**Task statement**
What you return must match the records word for word, except that pictures are dropped.

■ ■ ■ ■ ■ ■ ■

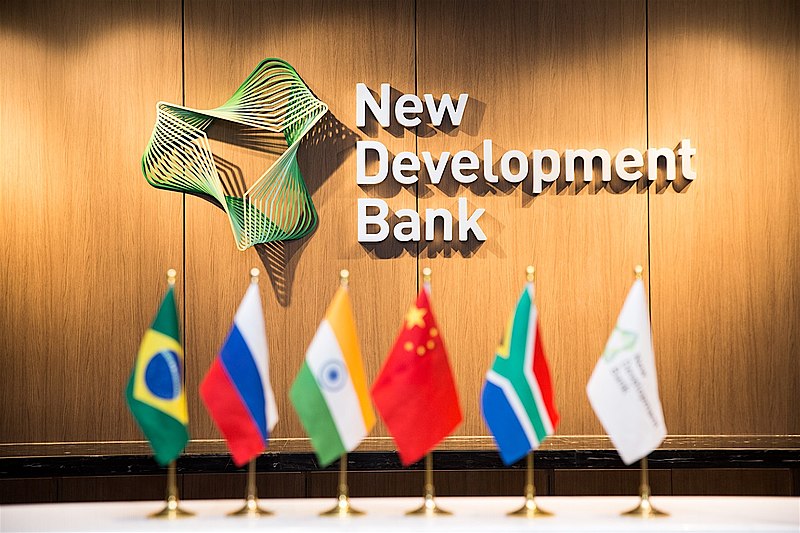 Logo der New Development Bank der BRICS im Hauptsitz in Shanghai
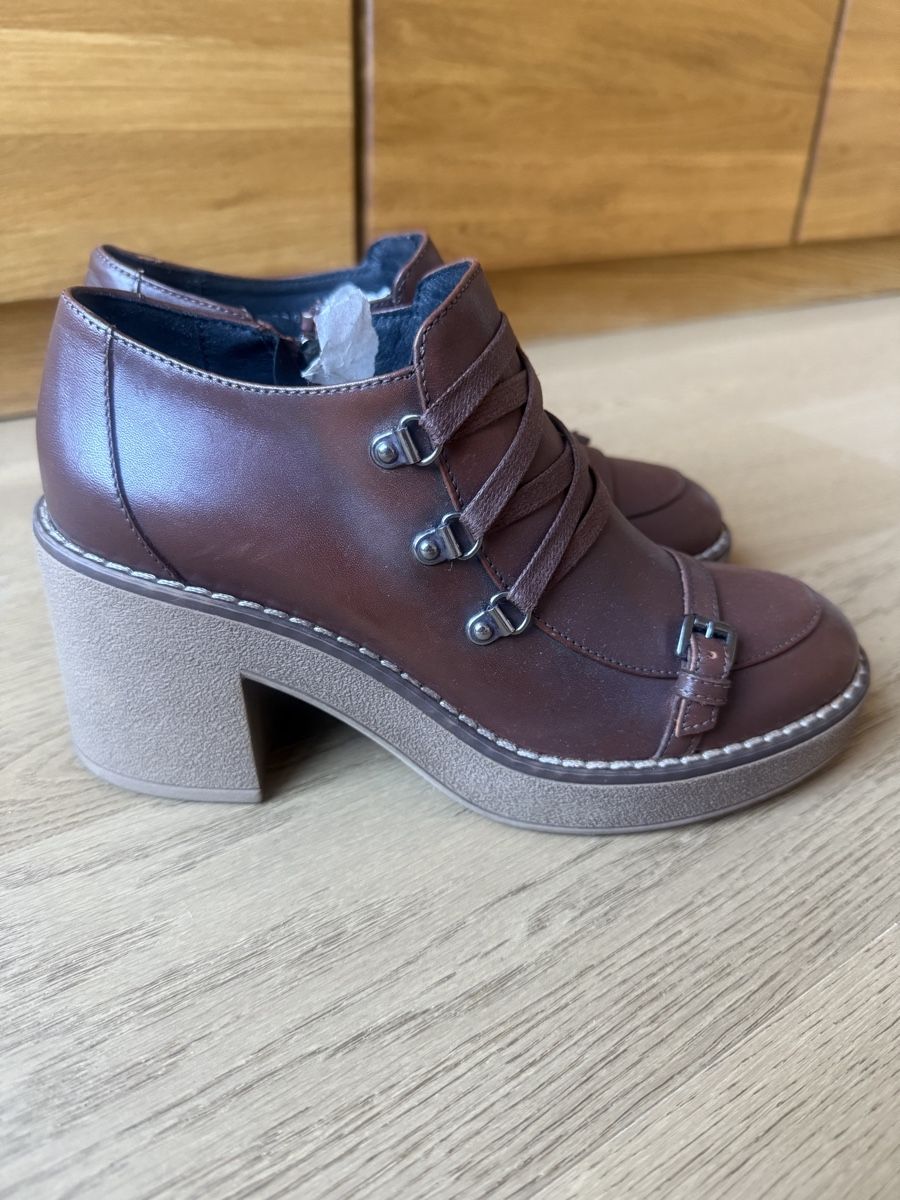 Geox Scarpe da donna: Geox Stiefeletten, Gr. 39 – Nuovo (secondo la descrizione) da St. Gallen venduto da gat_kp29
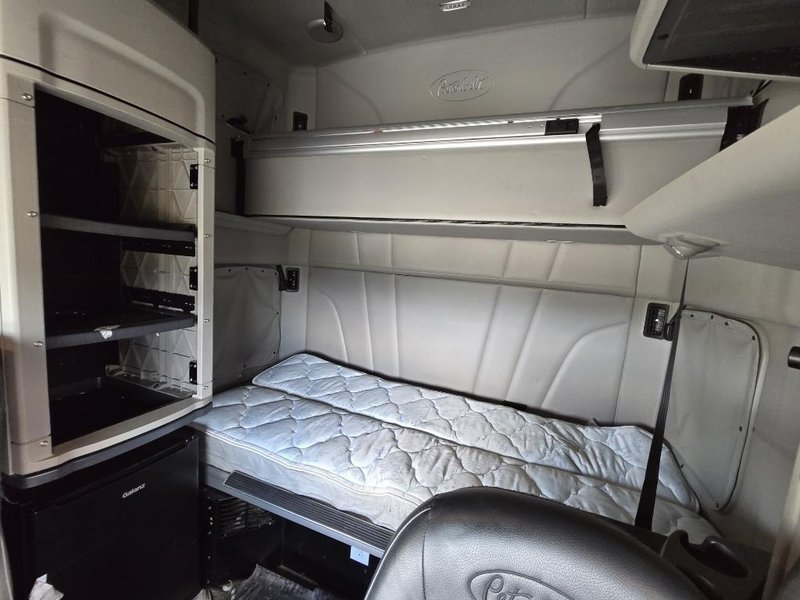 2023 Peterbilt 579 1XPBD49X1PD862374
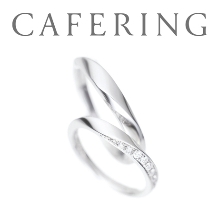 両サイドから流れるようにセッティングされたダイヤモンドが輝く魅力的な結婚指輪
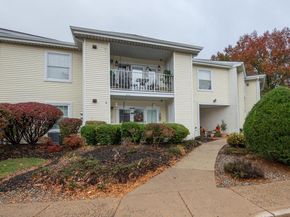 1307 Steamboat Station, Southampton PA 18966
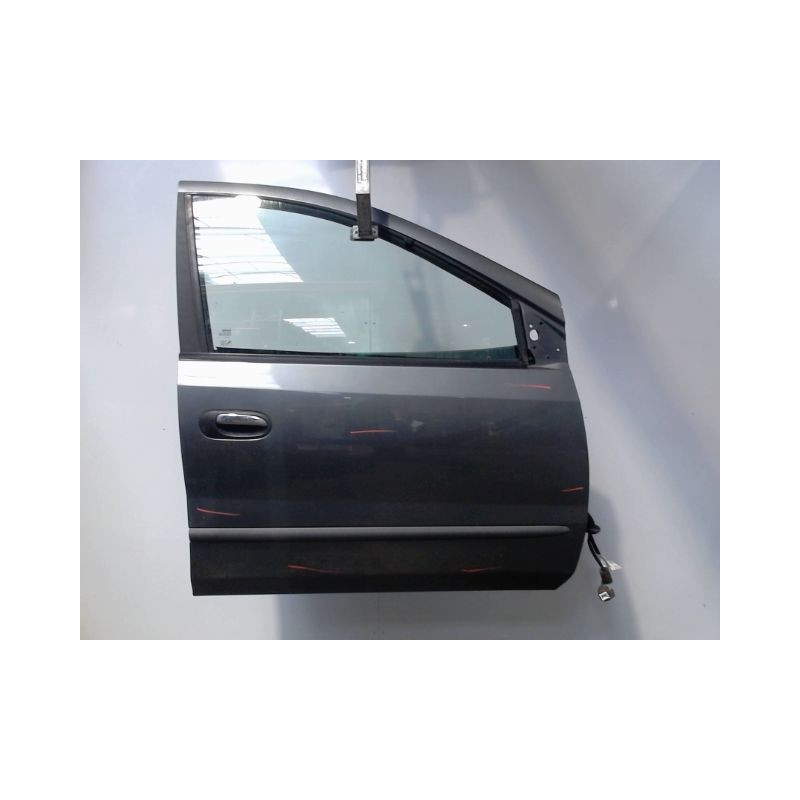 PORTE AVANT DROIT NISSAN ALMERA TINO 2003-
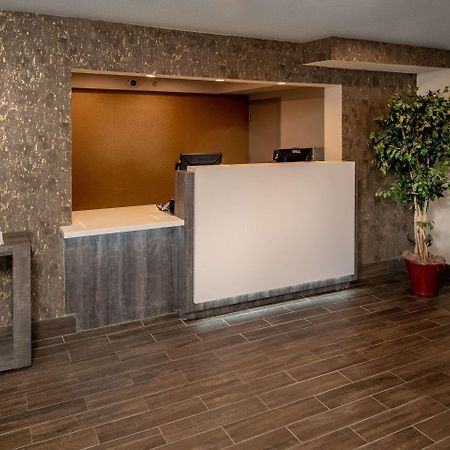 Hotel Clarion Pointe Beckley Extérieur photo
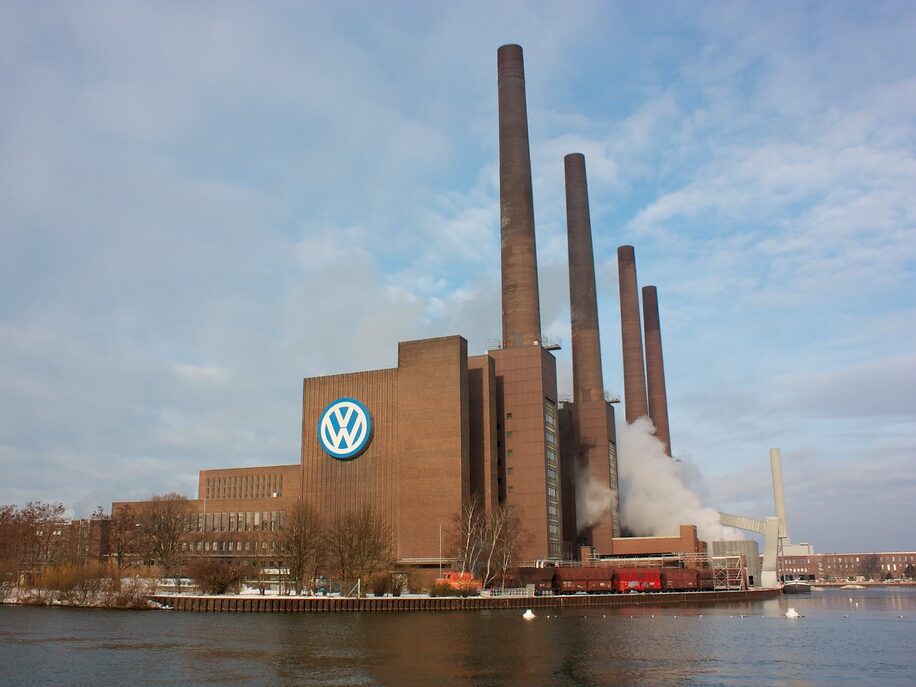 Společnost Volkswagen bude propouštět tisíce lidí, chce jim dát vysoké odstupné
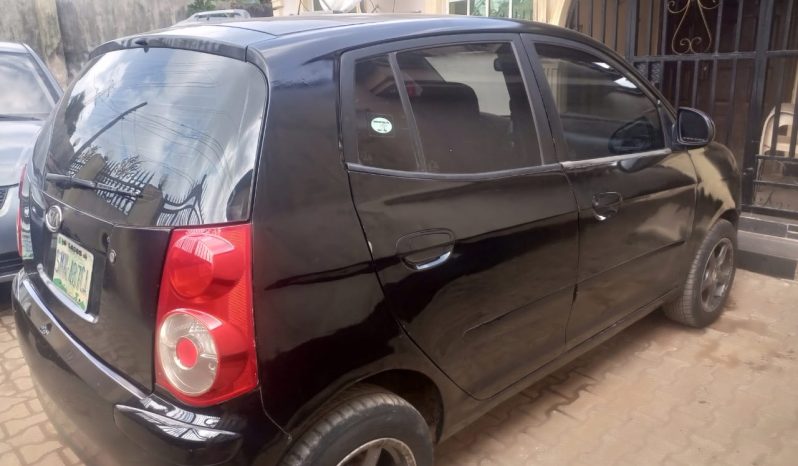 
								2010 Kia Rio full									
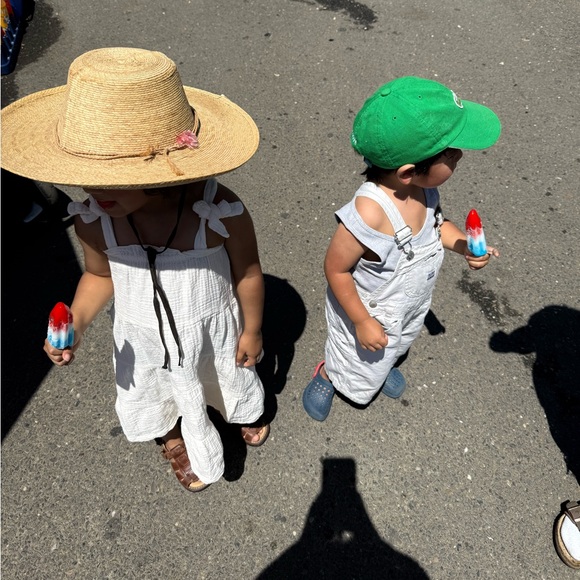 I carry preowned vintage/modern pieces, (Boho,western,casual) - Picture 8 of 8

■ ■ ■ ■ ■ ■ ■

**Solution for this task**
 Logo der New Development Bank der BRICS im Hauptsitz in Shanghai
 Geox Scarpe da donna: Geox Stiefeletten, Gr. 39 – Nuovo (secondo la descrizione) da St. Gallen venduto da gat_kp29
 2023 Peterbilt 579 1XPBD49X1PD862374
 両サイドから流れるようにセッティングされたダイヤモンドが輝く魅力的な結婚指輪
 1307 Steamboat Station, Southampton PA 18966
 PORTE AVANT DROIT NISSAN ALMERA TINO 2003-
 Hotel Clarion Pointe Beckley Extérieur photo
 Společnost Volkswagen bude propouštět tisíce lidí, chce jim dát vysoké odstupné
								2010 Kia Rio full									
 I carry preowned vintage/modern pieces, (Boho,western,casual) - Picture 8 of 8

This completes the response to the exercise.